Rally around the winner?

According to many pundits, the Obama-Clinton Democratic nomination contest is doomed to a 50-50 delegate split that will be decided after a long string of state elections by superdelegates at the convention.

Before criticizing these pundits, I'll admit to reporting this possibility myself -- in a Thursday, February 7, post at the Duck of Minerva.

However, that post also noted the possibility that Barack Obama's post-Super Tuesday success may make him the "inevitable" front-runner based on a "rally-around-the-winner" affect. He's raised far more money than Hillary Clinton since January 1 (winning January 70-30) and is poised to have a great February with voters -- from yesterday's victories in Louisiana, Nebraska, Washington state and the Virgin Islands to Tuesday's likely big victories in DC, Maryland and Virginia and beyond.

Clinton is currently ahead in Wisconsin according to one recent poll (ARG), but the actual election result my be influenced by what happens in the leadup to that February 19 contest.

Today's caucuses in Maine might go Clinton's way, but local rules provide that heavy snow could delay results until later in the month. At 12:30 pm ET: "It is snowing there now, with four to eight inches expected from snowfalls last night and today. In western Maine, there could be as much as a foot of snow."

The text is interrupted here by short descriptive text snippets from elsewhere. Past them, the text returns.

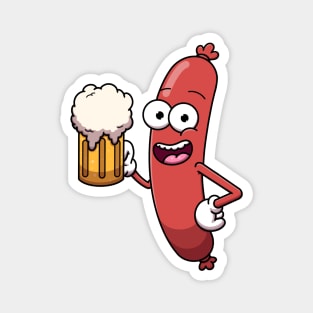 Happy Sausage With Beer Magnet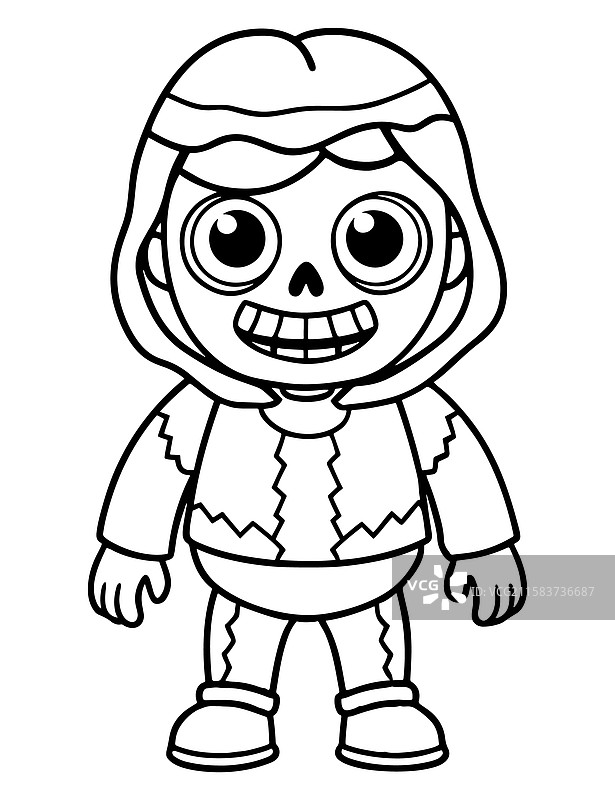 儿童僵尸末日涂色页图片素材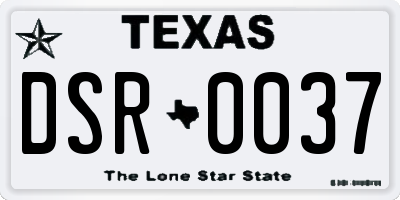 TX license plate DSR0037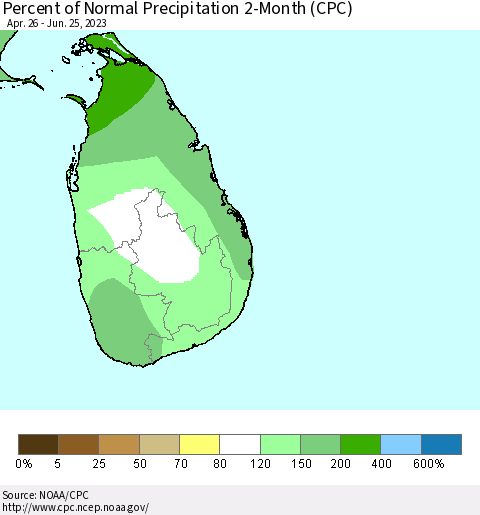 Sri Lanka Percent of Normal Precipitation 2-Month (CPC) Thematic Map For 4/26/2023 - 6/25/2023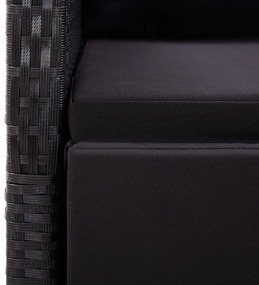 7 pcs conjunto de jantar de jardim preto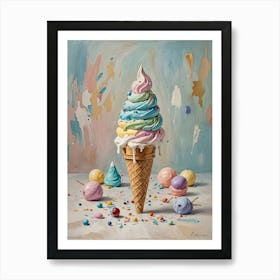 Pastel Ice Cream Cone Art Print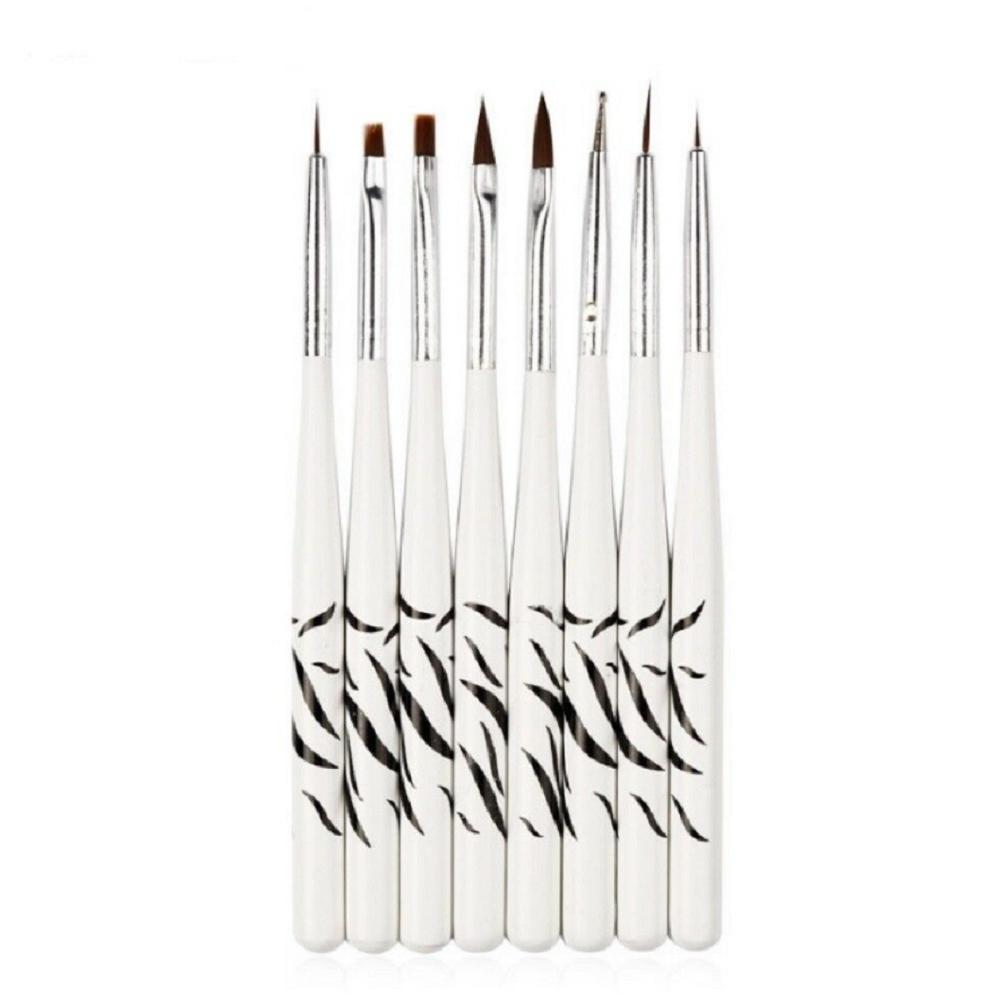 Tika 8Pcs Nail Art Design Brush Acrylic Nail Gel Polish Painting Brush Drawing Pen US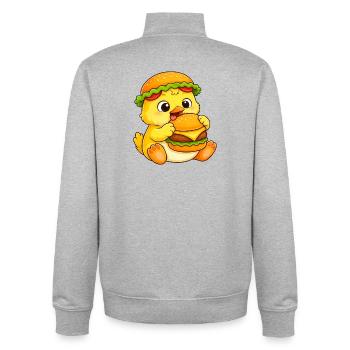 Burger de dessin animé Poulet sucré et poussins - Sweat zippé unisexe en coton bio Stanley/Stella - gris chiné - Dos - AI Model Male 185 light (185cm)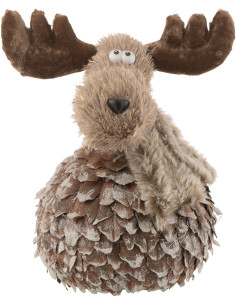 Décoration de Noël Renne Boule 20 cm en Pomme de pin Tissu Marron Gris - 1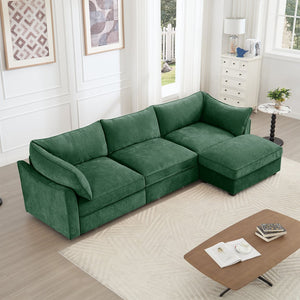 English Elm L-Shaped 3-Seater Sectional Sofa With Movable Ottoman, Soft Chenille, Storage & Modern Design Options W3041S00186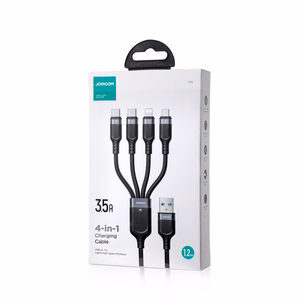 Joyroom Multi-Use Series S-A18 4in1 USB-A - USB-C / USB-C / Lightning / micro USB Kaapeli 1.2m - musta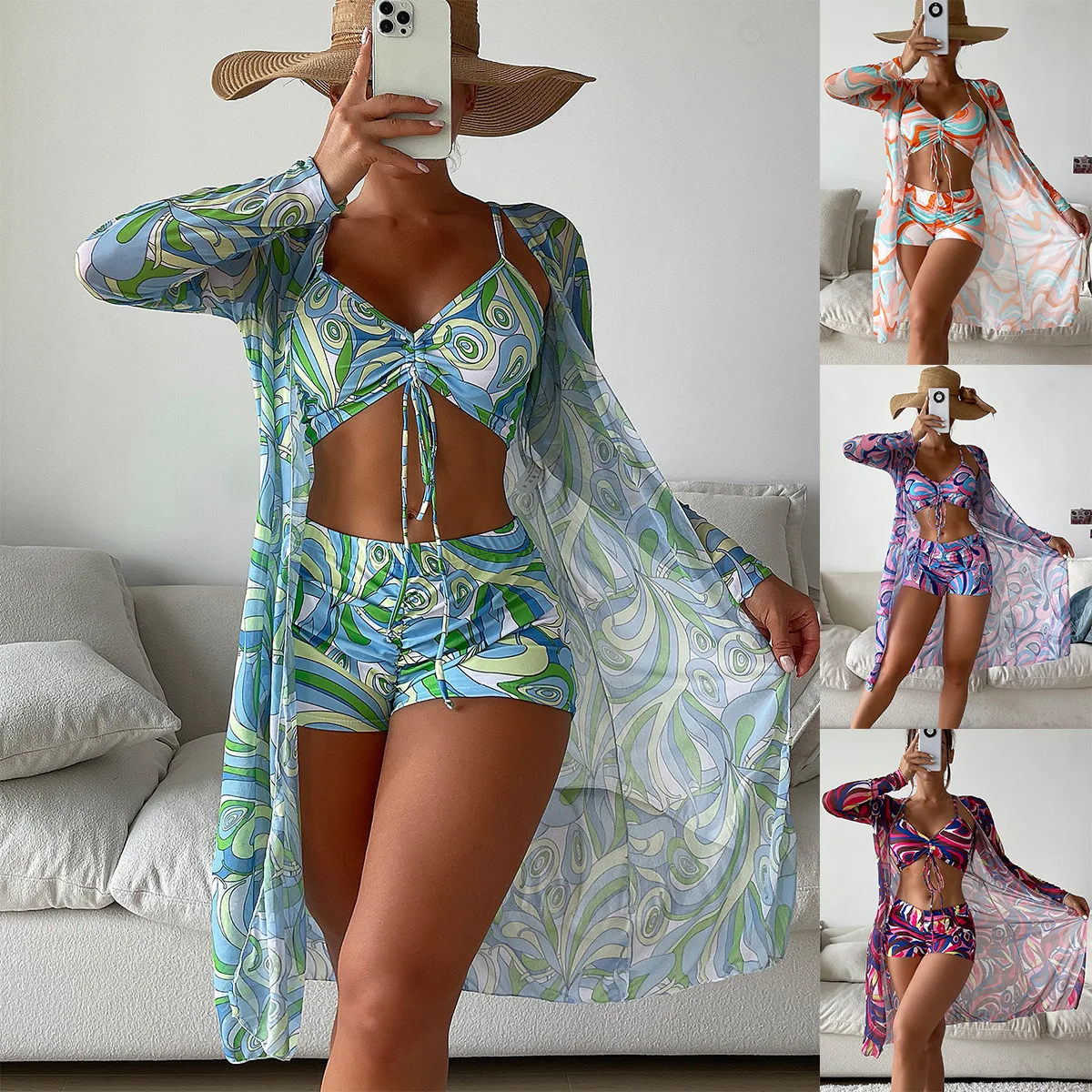 Swimwear Long Sleeve Printed Three Piece Set High Waist Bikini Women Swimsuit Beach Style Bikini Sexy Bathing Suit Women
Swimwear Long Sleeve Printed Three Piece Set High Waist Bikini Women Swimsuit Beach Style Bikini Sexy Bathing Suit Women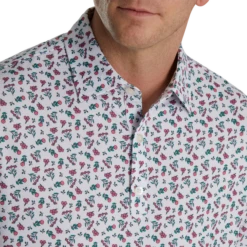 Mini Floral Lisle Self Collar 7 Mini Floral Lisle Self Collar -Footjoy FJ 25379 04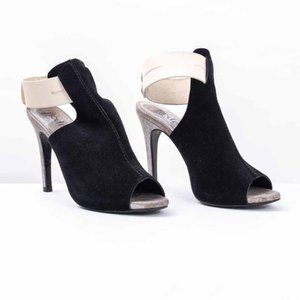 Pedro Garcia Heeled Peep Toe Booties with White Ankle Cuff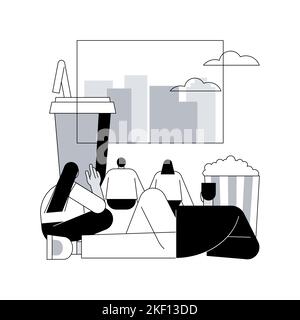 Open-Air-Kino abstrakte Konzept Vektor-Illustration. Open-Air-Kino, Backyard-Kino, Filme im Freien ansehen, Drive-in-Service, Tickets online kaufen, Mieten aufblasbare Leinwand abstrakte Metapher. Stock Vektor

I'm not trying to focus exclusively on the horse race, as opposed to the issues, but some Clinton campaign staff are apparently in a "state of panic" right now.

Part of the problem with the coverage is that these candidates are not that far apart on the issues and the Democratic platform is likely to be very similar whichever one wins the nomination. Clinton has perhaps been a bit to the right on foreign policy (voting with Joe Lieberman to call the Iranian Revolutionary Guard Corps a terror organization; opposing some minor openings toward Cuba, etc.).

Domestically, Clinton's health plan includes mandates for universal coverage, while Obama's does not. Both of them will likely borrow good ideas from the failed John Edwards campaign -- on college education and corporate responsibility, for example.

The general election is still almost 9 months away, so there's plenty of time to contrast the Democratic position on major issues with the view espoused by the Republican candidate (likely to be John McCain).